Todos nós pagamos tributos, direta ou indiretamente, todos os dias, não tem como escapar. Ao comprarmos 1 litro de leite no supermercado, pagamos de forma direta o ICMS (se você acha que não, confira no cupom fiscal), e de forma indireta todos os outros tributos que o supermercado está sujeito, pois este repassa ao consumidor final tais encargos. Cito os triviais, PIS, COFINS, IRPJ, CSLL, entre tantos outros. A carga tributária no país emperra o desenvolvimento das empresas, novas contratações para os postos de trabalho, novos investimentosem maquinário, tecnologia/know how, publicidade, etc. Aliado a isso, o valor final dos produtos é demasiadamente elevado, o que dificulta a comercialização, formando aquele velho ciclo vicioso que todos conhecemos: Produto caro - Poucas aquisições - Baixo faturamento - ausência de investimentos - demissões - pequena parcela da população consumindo pouco - necessidade de aumentar as margens de lucro - produto caro. Alguns podem até discutir sobre a ordem deste ciclo, entretanto, é de senso comum em nossa sociedade que a alta carga tributária, sem o feedback estatal somente agravam a situação econômica do país.
Diante desse quadro, todos os setores empresariais e trabalhadores exigem a diminuição dos tributos, bem como a simplificação desse quebra-cabeça, de incontáveis peças, que forma o Sistema Tributário Nacional. Visando "atender" o anceio da população, o presidente Luíz Inácio Lula da Silva editou às vesperas do reveillon de 2005, a MP 232/2004 que em princípio reajusta a tabela do Imposto de Renda de Pessoa Física.
Tal reajuste é uma reivindicação antiga da sociedade. Como pode o governo federal, com o perdão da expressão, ter a "cara-de-pau" de não reajustar anualmente a faixa de isenção, as parcelas a deduzir do imposto, e principalmenteas deduções pelas despesas elencadas na lei? A omissão dos poderes competentes, em particular entendimento, afrontam desde a moralidade administrativaaté o princípio da capacidade contributiva, passando ainda pelo princípio da isonomia.
A MP 232/2004 corrige em 10% essa defasagem, passando a tabela a corresponder com os valores elencados em seu artigo 1º.

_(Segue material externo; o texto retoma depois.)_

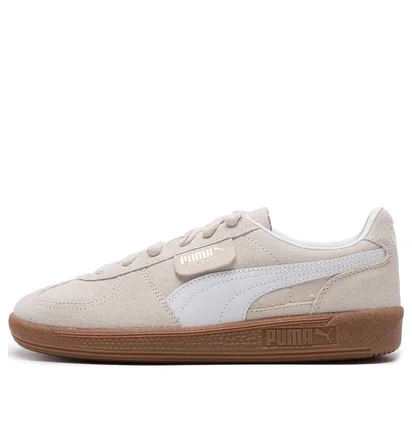 Кросівки унісекс Puma Palermo Beige 396463-11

Os limites de deduções por dependentes, bem como gastos com sua instrução e a do próprio contribuinte também foram atualizados. A primeira vista, demos um importante passo no desenvolvimento jurídico-econômico-social do Sistema Tributário. Entretanto, "quando a esmola é demais, o santo desconfia". A contrapartida foi o pacote de alterações nas leis vigentes, que certamente aumentarão a carga tributária e elevarão os valores dos produtos finais. Das alterações realizadas, cito por exemplo a esculpida no artigo 11 da MP, que eleva para 40% a base de cálculo do IRPJ de empresas que optarem pela tributação sobre o lucro presumido, das prestadoras de serviço em geral, exceto as de serviços hospitalares [e das empresas que exerçam: intermediação de negócios; administração, locação ou cessão de bens imóveis, móveis e direitos de qualquer natureza; prestação cumulativa e contínua de serviços de assessoria creditícia, mercadológica, gestão de crédito, seleção de riscos, administração de contas a pagar e a receber, compra de direitos creditórios resultantes de vendas mercantis a prazo ou de prestação de serviços (factoring)], que vêm desempenhando um papel importante na criação de vagas de empregos nos ultimos anos.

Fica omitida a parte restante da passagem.